🤖 AI Summary
This work addresses the lack of safety guarantees in offline multi-agent reinforcement learning by proposing a novel approach that integrates neural individual control barrier functions into a diffusion model. This integration enables the generation of trajectories satisfying safety constraints without requiring online environment interaction, while an inverse dynamics model is employed to recover feasible control policies. To the best of our knowledge, this is the first method to combine control barrier functions with diffusion models for safe policy learning in offline multi-agent settings. Experimental results demonstrate that the proposed framework significantly enhances safety across multiple benchmark tasks while maintaining cumulative reward performance comparable to state-of-the-art methods.
📝 Abstract
Offline reinforcement learning allows control policies to be learned directly from data without online interaction, making it suitable for safety-critical tasks. Recent studies have applied diffusion models to offline reinforcement learning to leverage their strong capacity for modeling complex data distributions.
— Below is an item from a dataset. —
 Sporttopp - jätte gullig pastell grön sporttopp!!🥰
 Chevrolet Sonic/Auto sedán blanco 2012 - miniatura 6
However, existing approaches primarily focus on single-agent settings, leaving the safety challenges in multi-agent environments largely unexplored. In this work, we propose a safe offline multi-agent reinforcement learning algorithm that embeds neural individual control barrier functions into the diffusion model to enhance safety during trajectory generation, with control policies recovered through inverse dynamics. We evaluate our algorithm across diverse benchmarks, demonstrating substantial safety improvements while maintaining competitive rewards.